We learn from Hull’s bulletin that the consistory of Rev. Kortering’s congregation has decided to increase its size by one elder and one deacon. Probably of even greater interest than thedecision, is one of the grounds, namely, that “the increase in the size of the congregation warrants it.”
In other news from Hull, the consistory there, at the request of the Hudsonville diaconate, took a collection to help defray expenses involved in shipping to Jamaica the used clothing collected in the recent drive. In glancing through the stack of bulletins received during the last several months of 1971, I was impressed by the variety of interesting topics for discussions and/or speeches in the various societies throughout our denomination. With the hope that you’ll find them as interesting as I did, I’ll mention a few, along with the name of the church in which they were considered. “Proper Sabbath Observance,” by a Hull society; “Separation of Church and State,” in Loveland; “Speaking in Tongues,” in Grand Rapids’ Hope Church; “Pentecostalism and NeoPentecostalism,” in Southeast; and three rather lengthy titles from Southwest, “If it is wrong for a Christian to let out a child for adoption, is it also wrong to adopt a child?”; “How must we evaluate the missionary work of those who are not Reformed?”; and “How does God reveal Himself in the animate and inanimate creation?” A couple of League Meeting topics were “An Evaluation of the Jesus’ Movement,” and “Campus Crusade and Modern Evangelism”; and, for an Office Bearers’ Conference, “Is it proper to use the office of the Deaconate to collect funds for various causes we represent, such as, the schools, theStandard Bearer, etc.”

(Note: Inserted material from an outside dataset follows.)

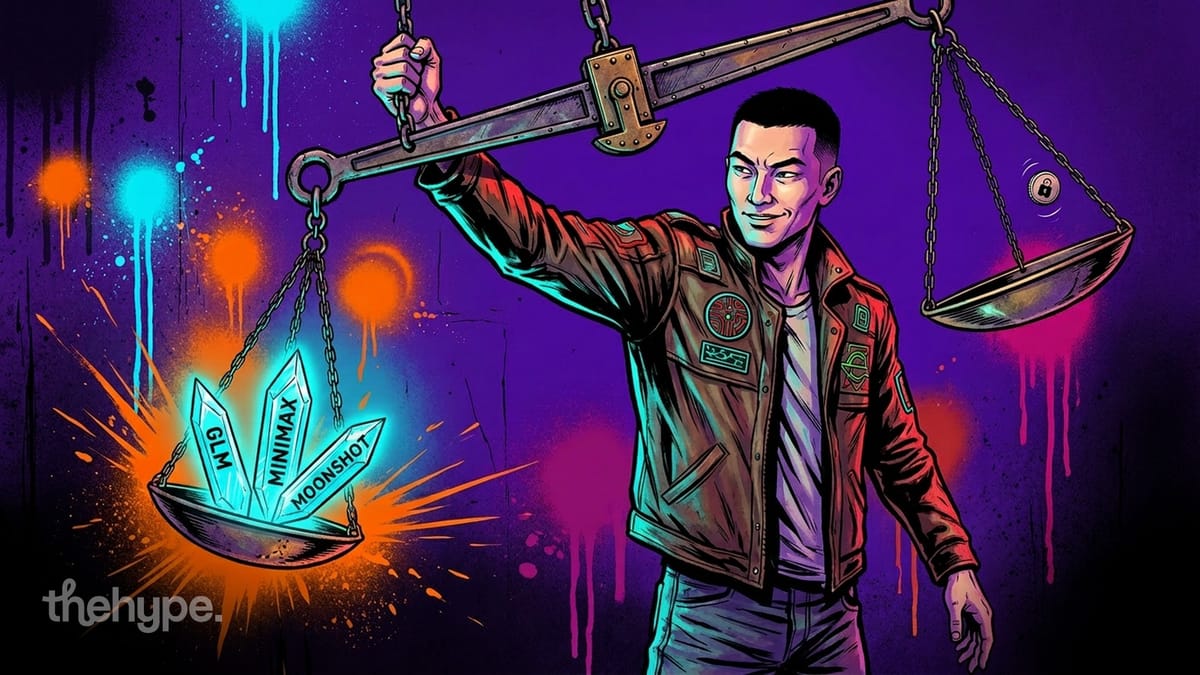 Comic-style man holding a balance scale with glowing crystals labeled GLM, Minimax, and Moonshot against a purple backdrop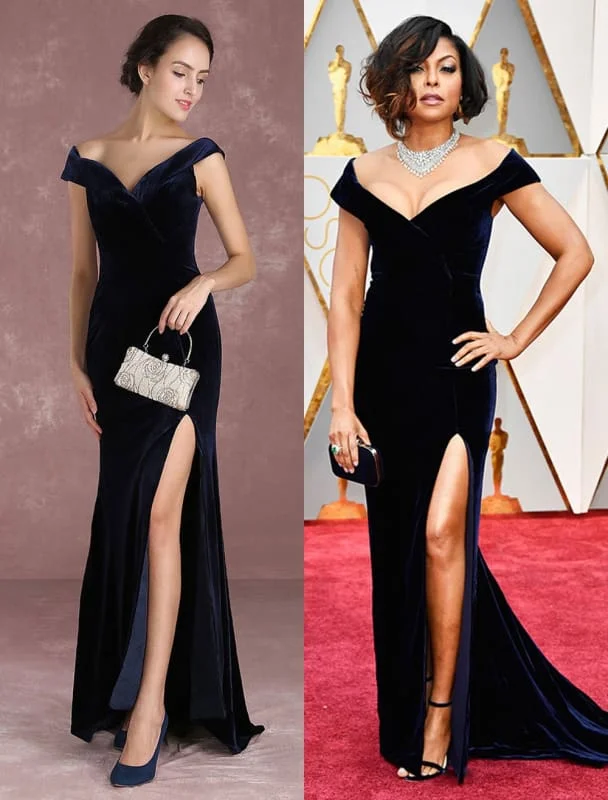 Mermaid Celebrity Dresses Velvet Off The Shoulder Evening Dress Dark Navy Slit Party Dress With Train Inspired By Taraji P. Henson At Oscar Milanoo Tunics Cozy soft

Sunday bulletins from our Kalamazoo Church give, almost invariably, plenty of evidence of having been thoughtfully written, in order to make them thought provoking. Take, for example, the following item from the December 5 bulletin? “Last Thursday morning the pastor was again invited by Rev. H. Minnema, instructor in ‘Reformed Doctrine’ at KCHS, to speak at three of the morning classes. When the class in ‘Ref Dot’ gets to the lesson on ‘Common Grace,’ Rev. Minnema usually has the pastor over to debate ‘Grace Always Particular’ vs. ‘Common Grace.’ Very lively and good-spirited discussions took place in all three classes. Common Grace trends show that there is no more Kuyperian common grace, no more Berkhotian common grace. It is all Heynsian, thoroughly Arminian common grace now at KCHS.”
The “pastor” is Rev. Harbach, of course.
We would like to thank the Standard Bearerbusiness manager for furnishing this column with the following interesting and most welcome report:
“It might prove of interest to our readers to learn that more than 25 new subscriptions have been added to the mailing list of our STANDARD BEARER during the past three months. We are growing, and that’s a sign, a healthy sign, that much ‘good food’ for thought and study appears on the pages of our publication!
“The majority of the new subscribers reside here in ‘the States.’ One of the exceptions is the following: A regular subscriber, residing in Nova Scotia, Canada, was sent his renewal notice a month or so ago. He (a Scotsman) promptly sent in his renewal payment of $7.00. He also included with his remittance an equal amount for a one year’s gift subscription to a person residing in The Netherlands. A transaction such as this creates a great deal of interest in the Business Office of our magazine. (If the subscriber in Canada reads this column, perhaps he would give our readers an explanation as to how this came about. We will be most happy to insert his answer in a future issue).”